This specific entry is also interesting in that it features one of the only known instances of a southern European merchant active in Aberdeen. Pelegrino Grellus was a merchant from Genoa who, with his brother Lazarino, appears regularly in the royal Exchequer Rolls in the late 1420s and early 1430s, at about the same time as the two brothers appear in the Aberdeen records.3 The entry, dated 1426, concerns a dispute between ‘Pylgrime mirchand of Gene (=Genoa)’ and Jelm (or John?) van Wrey, whose place of origin remains to be identified, and his shipmen. Man may have had some trouble reading the place names in the original, as the first few letters of the word in his copy are difficult to identify. It looks something like ‘Mineth’ and is likely to be a place in the Low Countries. The alderman (provost), bailies and community of Aberdeen determined that Van Wrey, who was shipmaster of a ‘bus’, and his shipmen should calculate their fees (‘and se qwhat is acht thaim of thair fees’), which Pelegrino should then pay to the sailors. In addition, it was determined that the shipmaster should sail to Lazarino in Edinburgh. It appears that another decision had to be made there as to who should pay the shipmen’s fees for that part of the journey: the shipmaster or Lazarino, but it is not entirely clear from the notes whose decision this was to make.4

It may be that Pelegrino was in Aberdeen in relation with the transactions detailed in the Exchequer Roll, that is to say collecting salmon as part of his payment by the king for supplying the court, though there is no mention of a payment to the brothers in the Exchequer Roll for 1426-7.5 A year later, Pelegrino did receive thirty lasts and two barrels of salmon, in addition to another eleven lasts and eleven small barrels. For 1428-9 the two brothers are named together.6. It may also be that Pelegrino and Lazarino were already active in Scottish trade before they started supplying the king.

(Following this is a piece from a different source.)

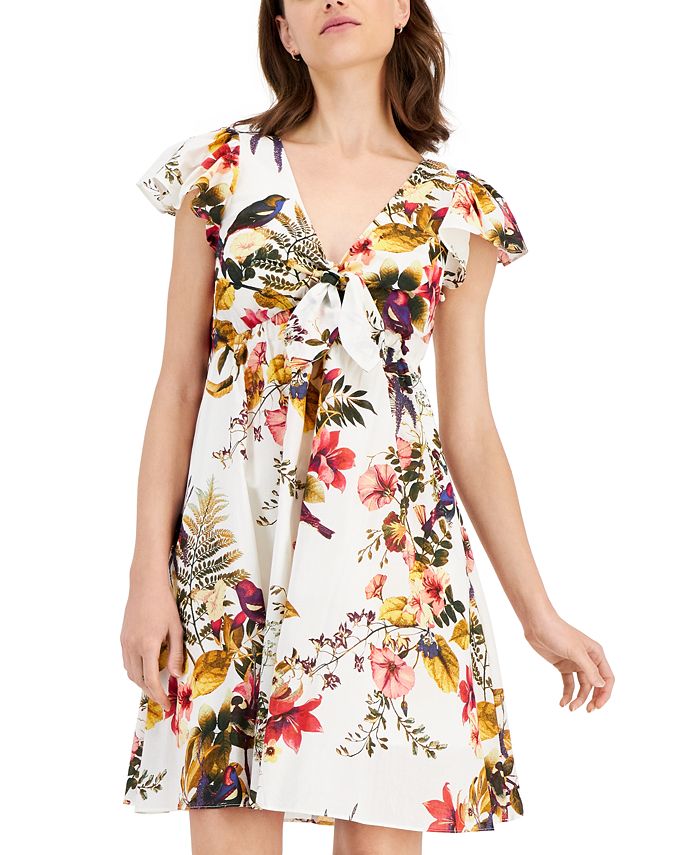 Taylor Women's Cotton Flutter-Sleeve Empire-Waist Dress - Macy's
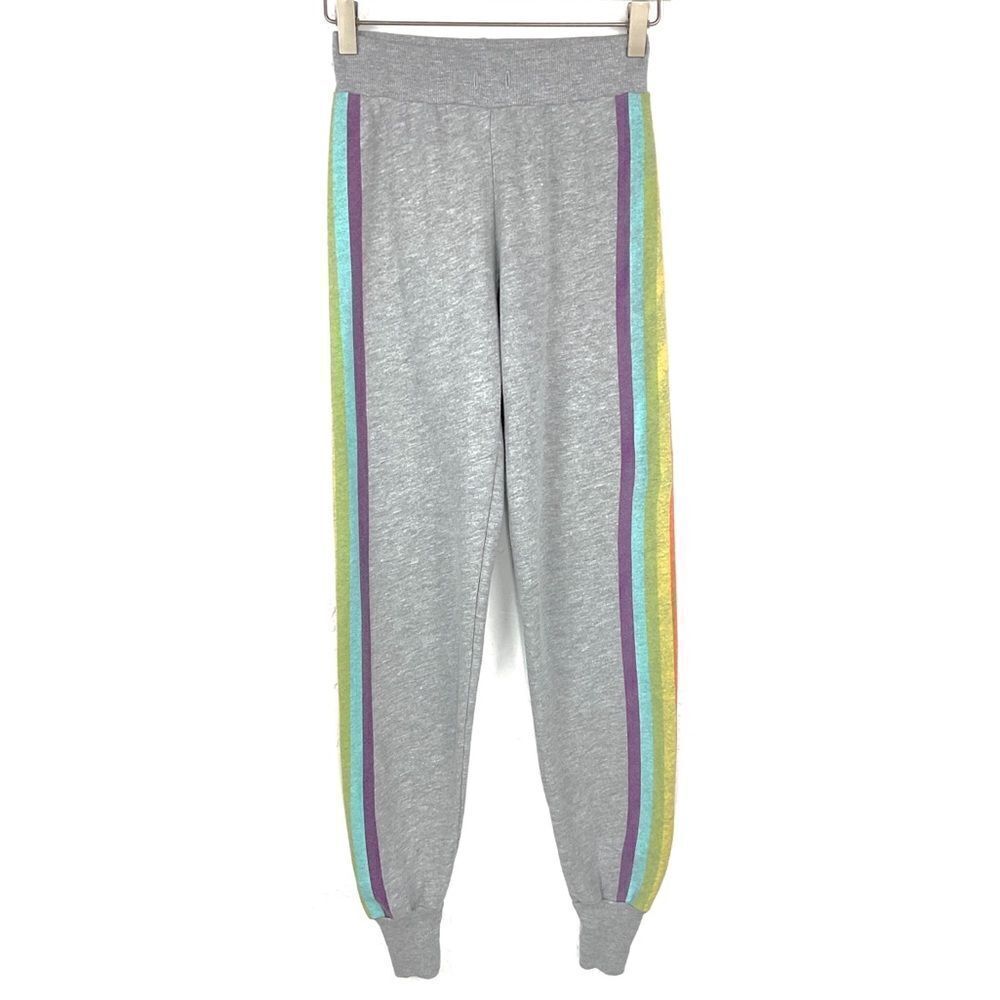 Wildfox Gray Rainbow Stripe Ankle Joggers XS NWOT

It is rare to come across southern European merchants active in Scottish trade. Taken as a whole, there were few foreign merchants who resided in Scotland in the later middle ages. There were no communities of merchants residing in any of the Scottish burghs in this period as there were in other towns throughout Europe (such as, for example, the Scots in Bruges and later in Veere), not even in Edinburgh.7 In addition, the majority of merchants who did come to Scotland were either English, Dutch, Flemish or Hanseatic (especially from Stralsund and Danzig). The most notable Aberdeen resident with a presumed southern European connection was William of Spaigne/Spanye, who appears in volumes four and five and may well have appeared in volume three, as his first appearance is on page six of volume four. William of Spaigne was a councillor in the late 1430s and early 1440s and appears finally in 1450. In that same year a Jonet Spaigne is listed in an account. She was perhaps a relation, either a daughter or a sister. Judging by the fact that William was a councillor, he must have been fairly well established in Aberdeen by the late 1430s. Despite his suggestive surname, we do not know whether he came from Spain himself, or descended from a Spaniard. We do know that he owned some property on the Gallowgate in the late 1440s.8

There is also no evidence as to where the Genoese Pelegrino resided, but his brother owned a house in Kirkcudbright in the mid-fifteenth century and served as custumar of that town in 1455 and 1460, so many years after the entry from 1426.9 In 1426 Lazarino appears to have been in Edinburgh, though it is not clear whether he was a permanent resident. Unfortunately, any other potential appearances in volume three are lost forever, like most other Scottish burgh records from that period. But thanks to the efforts of James Man in the 1700s we have at least gained a glimpse into Aberdeen in the 1420s and its links with the outside world.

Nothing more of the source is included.